It has no disadvantages to you to use the international phone format when calling from a GSM or newer technology cell phone. If you are calling a national subscriber with the international prefix, your call will still be billed as a national call. YMMV in other, older cell networks, if you should happen to find something like that.
The obvious advantage to always use the international format is that you can use the stored number even if you are abroad.

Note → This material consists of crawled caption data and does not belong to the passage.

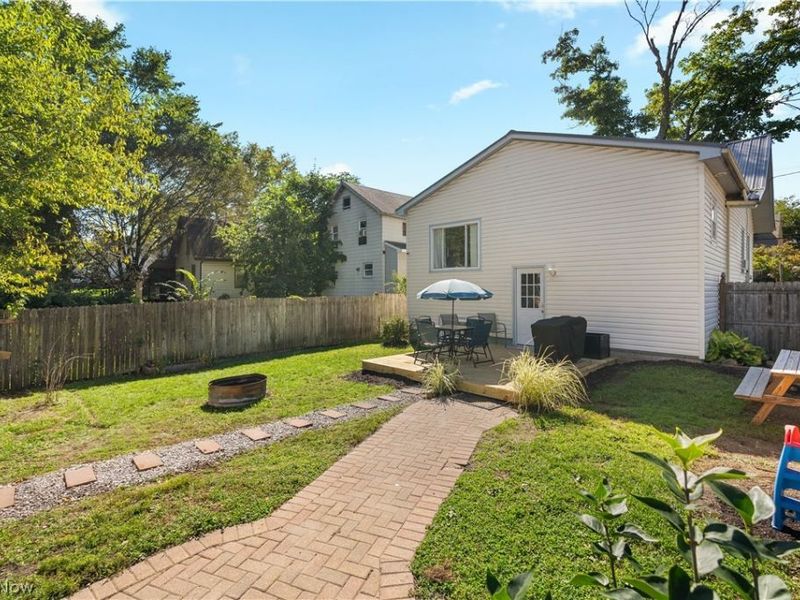 1079 Pitkin Avenue, Akron, OH 44310 Photo 4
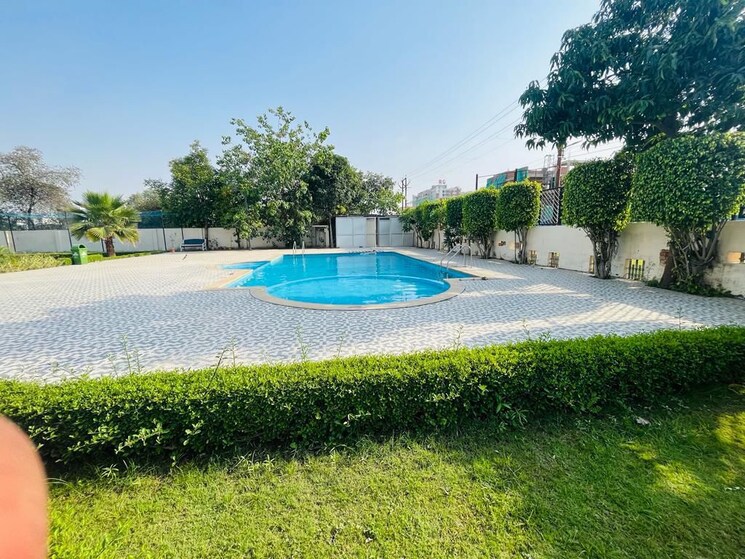 Garden, ratan-galaxy 4 Bedroom 2366 Sq.Ft. Apartment In Vrindavan Yojna Lucknow 9477851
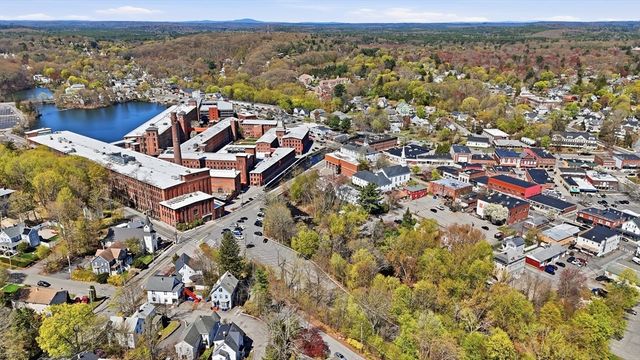 26 Walnut Street, Maynard, MA 01754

The procedure on how to dial a national phone number from abroad is different from country to country. Although there are exceptions, there are however a few general rules, which mostly work:
If the country you are calling to has no area codes, the national number usually follows the country code without modifications. Using the national, Norwegian number 22012345 as an example, you would dial this number as +4722012345 from abroad. In countries without area codes, it is not uncommon that regular phone numbers start with a 0, where the 0 is a part of the phone number and must be dialled from abroad, e.g. the Italian national number 0612345678 should be dialled +390612345678 from abroad.

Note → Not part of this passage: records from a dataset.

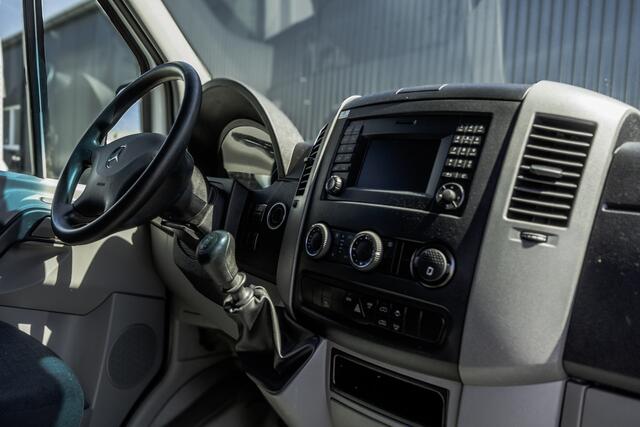 Mercedes-Benz 311 CDI Sprinter | L2H2 | Camera | Airco | Volledige Inrichting | Omvormer | Oprijplaat | Euro 6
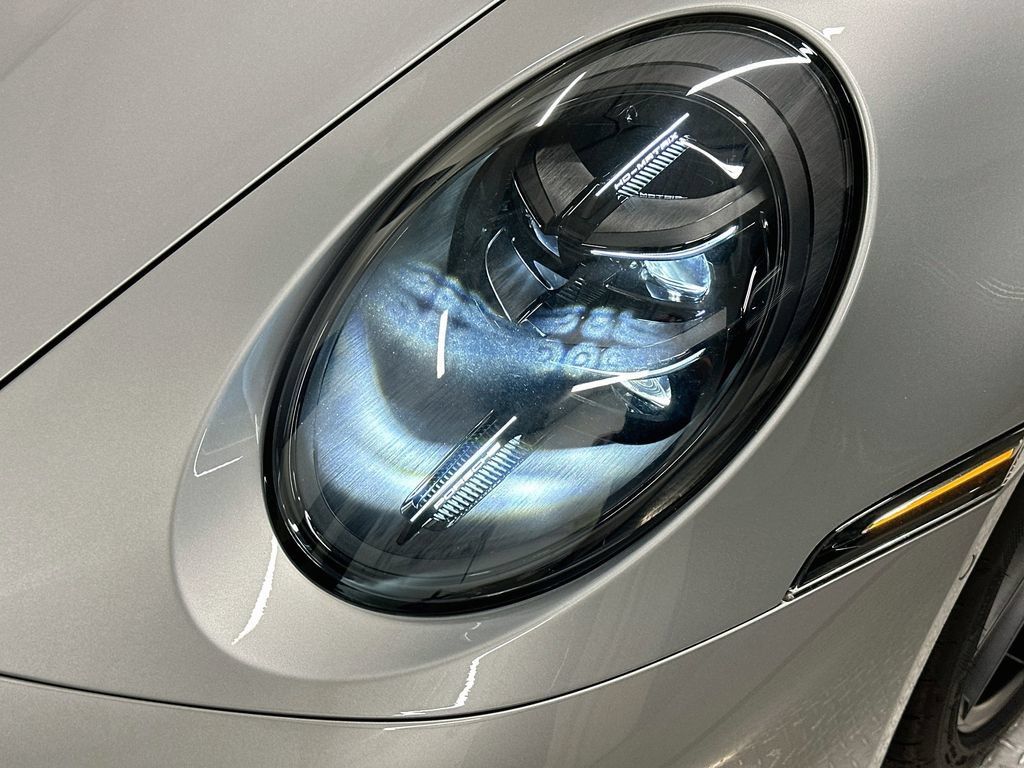 Certified 2026 Porsche 911 Carrera GTS RWD image 31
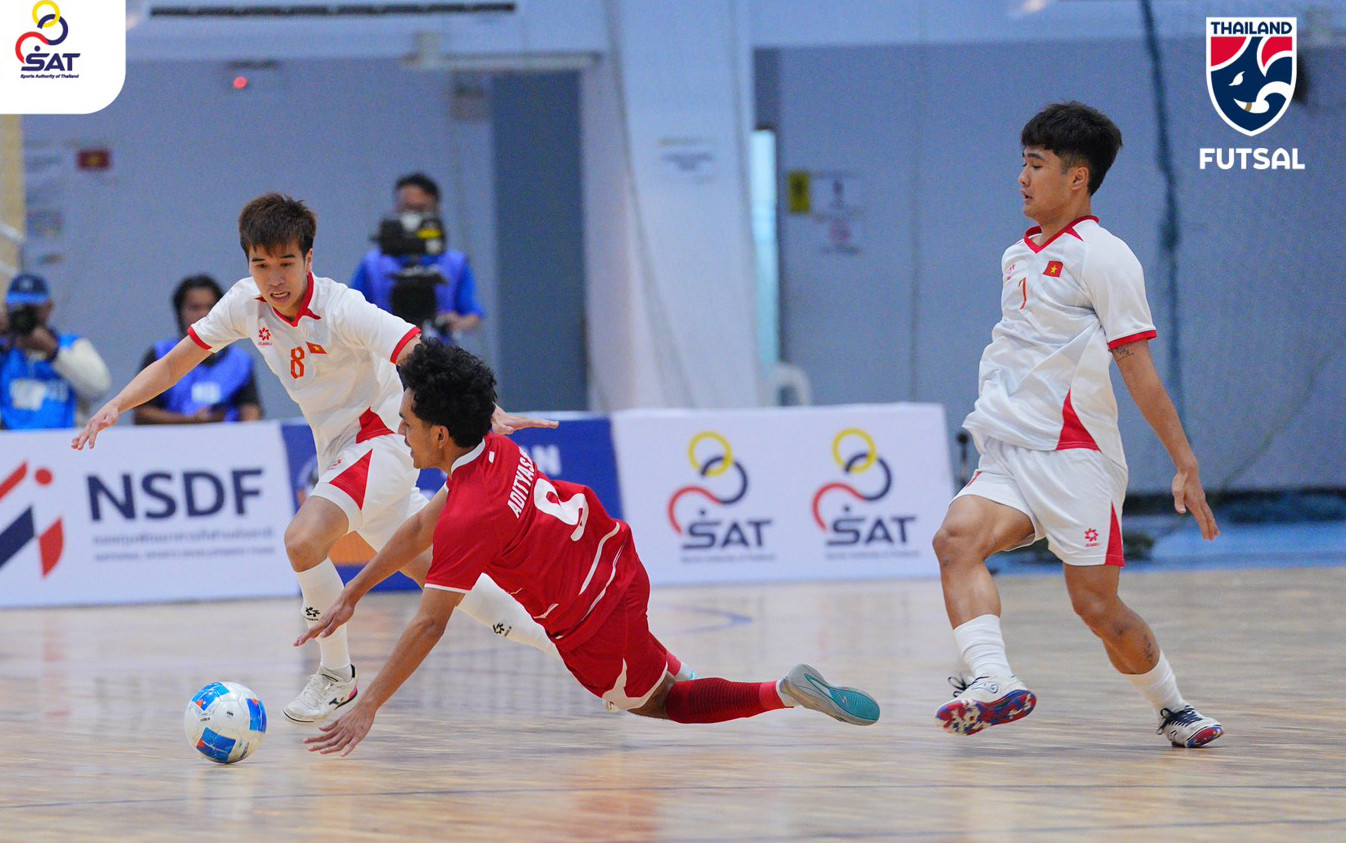 tuyen futsal viet nam indonesia 6.jpg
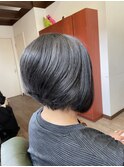 艶感前下がりボブ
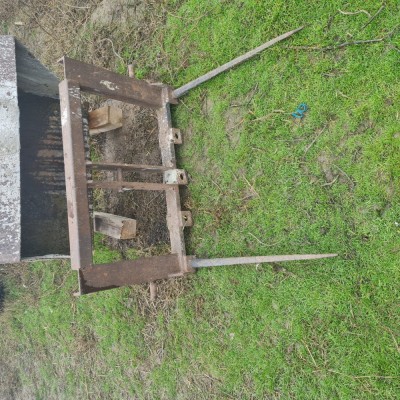 Tractor u445 dt cu incarcator foto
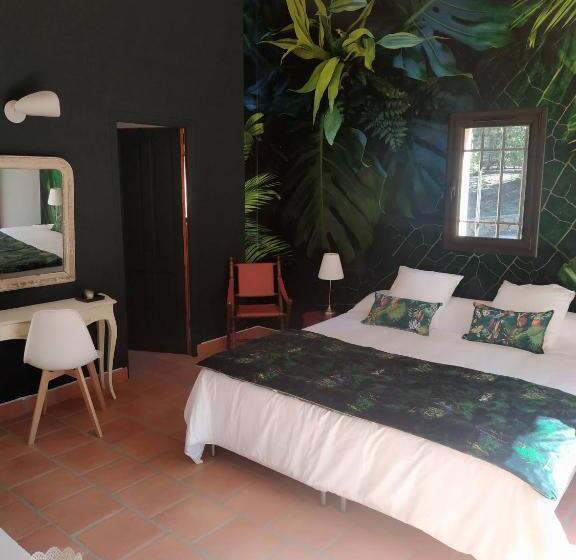 פנסיון Villa Bleucassis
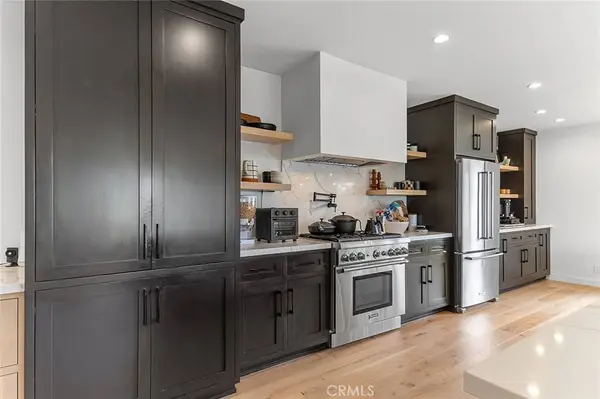 5681 E. Colorado St, Long Beach, CA 90814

If the country you are calling to has area codes, the national number usually follows the country code after omitting the trunk prefix. The trunk prefix is usually the first digit of the area code and is from a technical view not considered as part of the phone number, but as a signal to call someone outside your own area code. In most countries with area codes, like e.g. in the UK, the trunk prefix is 0. So if you have a UK national number 01234 556677, you would dial this from abroad as +441234556677 (leaving out the 0 between +44 and 1234).

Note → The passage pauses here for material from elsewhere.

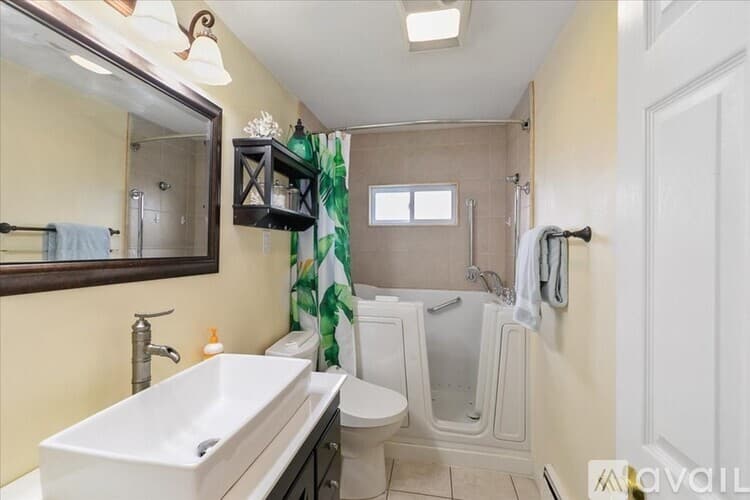 Methuen House: 2 Coronet Ave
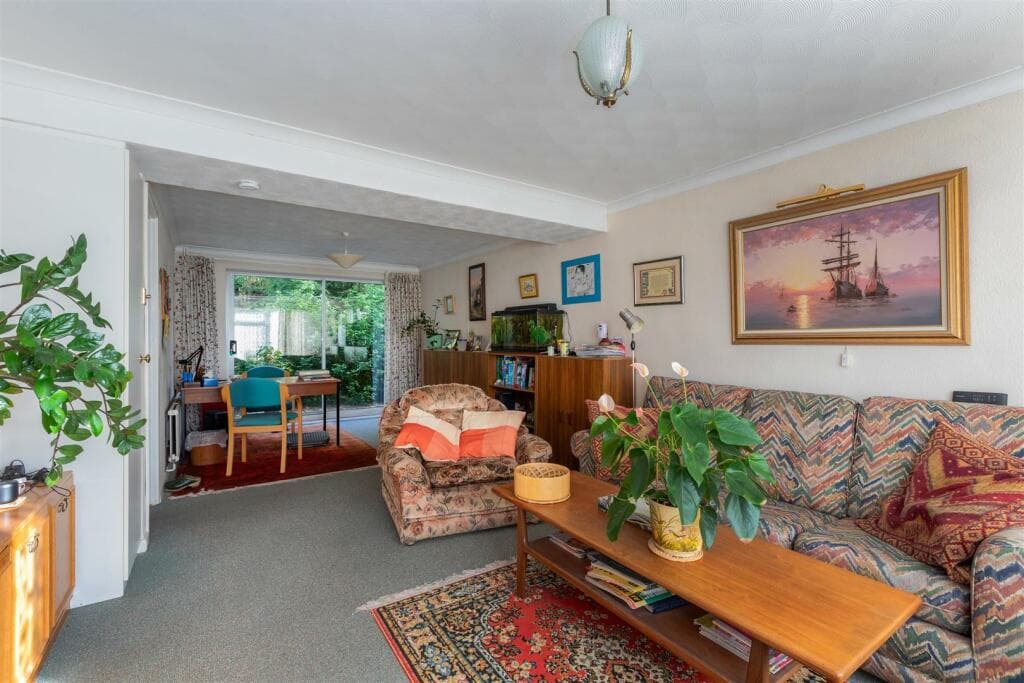 Wootton Way, Maidenhead - Image 2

As a side note, be aware that the leading 1- in US phone numbers is not a trunk prefix in the same sense that a trunk prefix is used in most other countries (leading digit of the area code), but a prefix usually required if you are calling someone outside your free local call area and hence rather a kind of acknowledgement that you accept the charges for the call you are making. The equivalent to a trunk prefix in the North American numbering plan was traditionally the second digit of the area code, which used to be 0 or 1, while local phone numbers had only numbers 2-9 as the second digit.
One exception from these rules is e.g. Switzerland. Although originally a trunk prefix, all regular, Swiss phone numbers now have a leading 0 as the first digit. This 0 is part of the phone number and must always be dialled within Switzerland, it should however be omitted, when calling a Swiss number from abroad. The national number 0441234567 should be dialled as +41441234567.
1
in1-800
in the US isn't the country code; it's the trunk prefix in the NANP, which was traditionally required for long-distance calls. It's just that the NANP "country code" was selected to be the same as the established NANP trunk prefix.